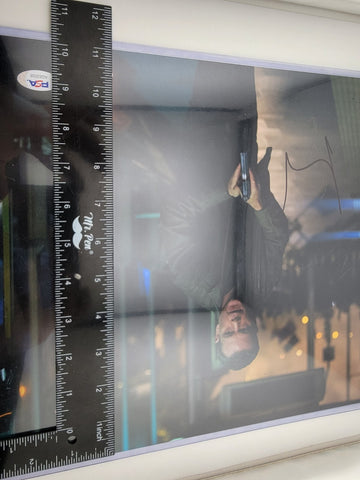 Original 11x14 Matt Damon Jason Bourne Autographed Photo. PSA COA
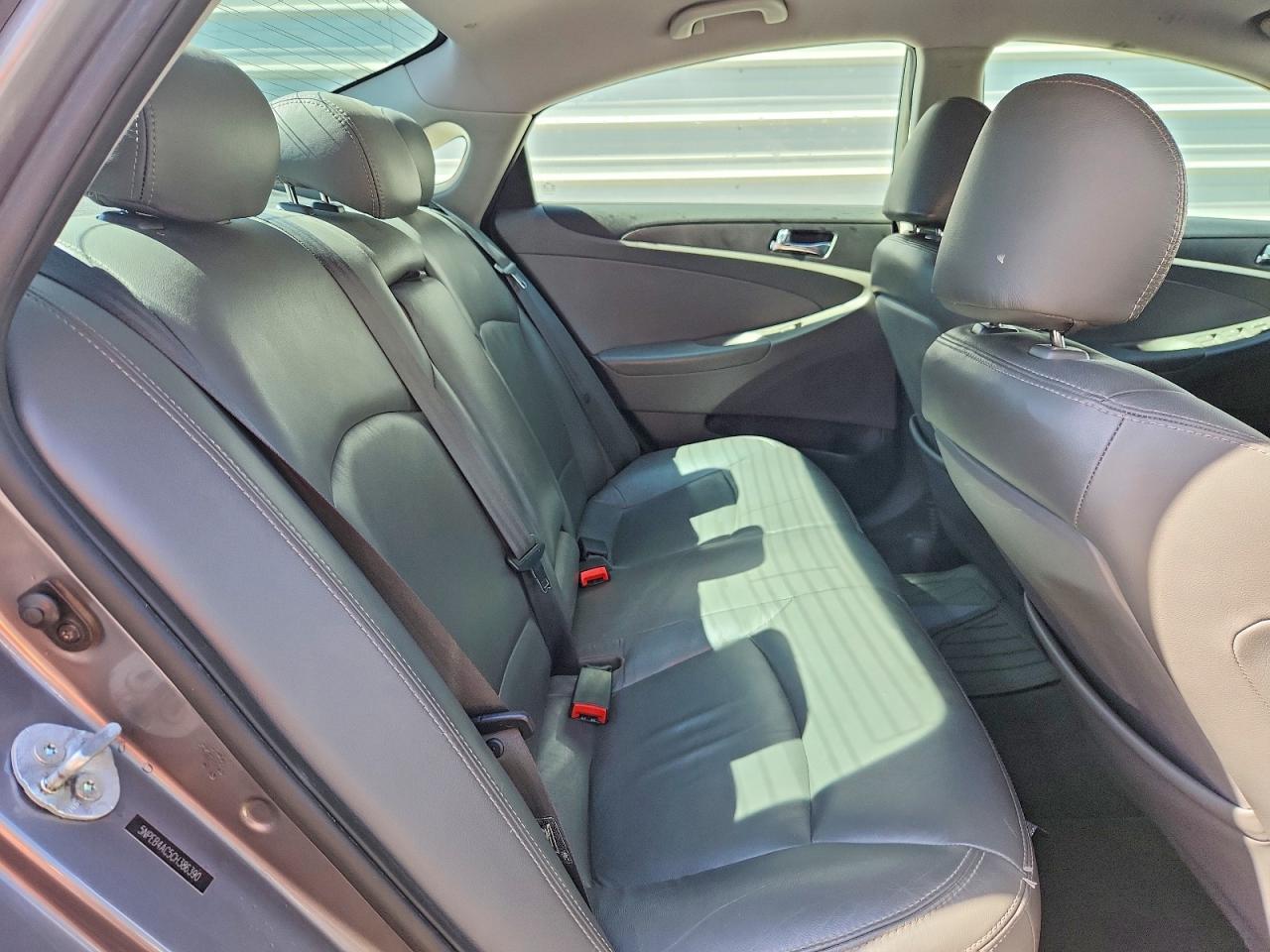2012 Hyundai Sonata Gls Gray vin: 5NPEB4AC5CH386390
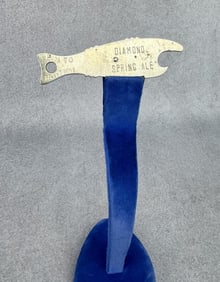 Diamond Spring Ale Spinner Bottle Opener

○ ○ ○ ○ ○ ○ ○

> [Work required] The answer must consist solely of the lines from the line containing "2012 Hyundai Sonata" to the end of the data, reproduced exactly, with every picture left out.

> [Solution to the problem]
2012 Hyundai Sonata Gls Gray vin: 5NPEB4AC5CH386390
 Diamond Spring Ale Spinner Bottle Opener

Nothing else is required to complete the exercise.